Były prezes PZPN - Zbigniew Boniek wypowiedział się o potencjalnych szansach reprezentacji Polski na EURO 2024. Nie zabrakło również tematu samego losowania i zamieszania wokół Michała Probierza.
Polska o grę na mistrzostwach Europy w Niemczech musi nadal walczyć. W marcu rozegra baraże, w półfinałach zmierzy się z Estonią. Jeżeli awansuje, to będzie czekać Walia lub Finlandia.

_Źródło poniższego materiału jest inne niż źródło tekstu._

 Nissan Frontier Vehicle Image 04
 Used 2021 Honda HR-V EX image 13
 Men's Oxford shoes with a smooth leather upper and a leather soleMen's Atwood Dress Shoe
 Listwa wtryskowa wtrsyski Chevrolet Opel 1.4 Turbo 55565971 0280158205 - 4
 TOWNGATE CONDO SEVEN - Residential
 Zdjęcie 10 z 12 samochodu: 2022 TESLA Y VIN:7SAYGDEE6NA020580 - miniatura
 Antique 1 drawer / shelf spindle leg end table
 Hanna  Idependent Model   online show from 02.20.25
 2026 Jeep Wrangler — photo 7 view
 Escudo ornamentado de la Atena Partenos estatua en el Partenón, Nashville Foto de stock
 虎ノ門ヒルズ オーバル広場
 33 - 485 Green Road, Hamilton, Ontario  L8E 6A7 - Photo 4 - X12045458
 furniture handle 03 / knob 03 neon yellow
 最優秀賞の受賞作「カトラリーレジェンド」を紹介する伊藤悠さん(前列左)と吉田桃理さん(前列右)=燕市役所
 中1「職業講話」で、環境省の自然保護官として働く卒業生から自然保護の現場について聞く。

– Wszyscy byli zaskoczeni, że Polski na razie nie ma na Euro 2024. Tym bardziej, że nasza reprezentacja była losowana z pierwszego koszyka, więc każdy się spodziewał, że wyjdzie na pierwszym, w najgorszym razie drugim miejscu. Na dodatek, mimo falstartu i ogólnie słabej gry w tych eliminacjach, Polska dostała w prezencie zwycięstwo Albanii nad Czechami, co otwierało drogę do bezpośredniego awansu, przy pokonaniu choćby po 1-0, na Stadionie Narodowym, Mołdawii i Czechów – mówi Zbigniew Boniek w rozmowie dla "Polsatu Sport", odnosząc się do ostatniego losowania.
Większość ekspertów i kibiców i tak sceptycznie podchodzi do szans Polski, jeżeli w ogóle znajdzie się na EURO.
– Natomiast ja nie kupuję tego, że Polska trafiła do grupy śmierci. Na razie gramy baraże i wygranie ich byłoby niesamowitym sukcesem. Jeśli już będziemy na mistrzostwach Europy, to nie przejmowałbym się Francją, Holandią ani Austrią. To już jest inna bajka. Tam wystarczy wygrać jeden mecz i można awansować z trzeciego miejsca do fazy pucharowej. Tymczasem już słyszę głosy, że nie mamy szans. My sobie zawsze bandażujemy głowę, zanim zrobimy sobie krzywdę. Trzeba iść krok po kroku – twierdzi były prezes PZPN.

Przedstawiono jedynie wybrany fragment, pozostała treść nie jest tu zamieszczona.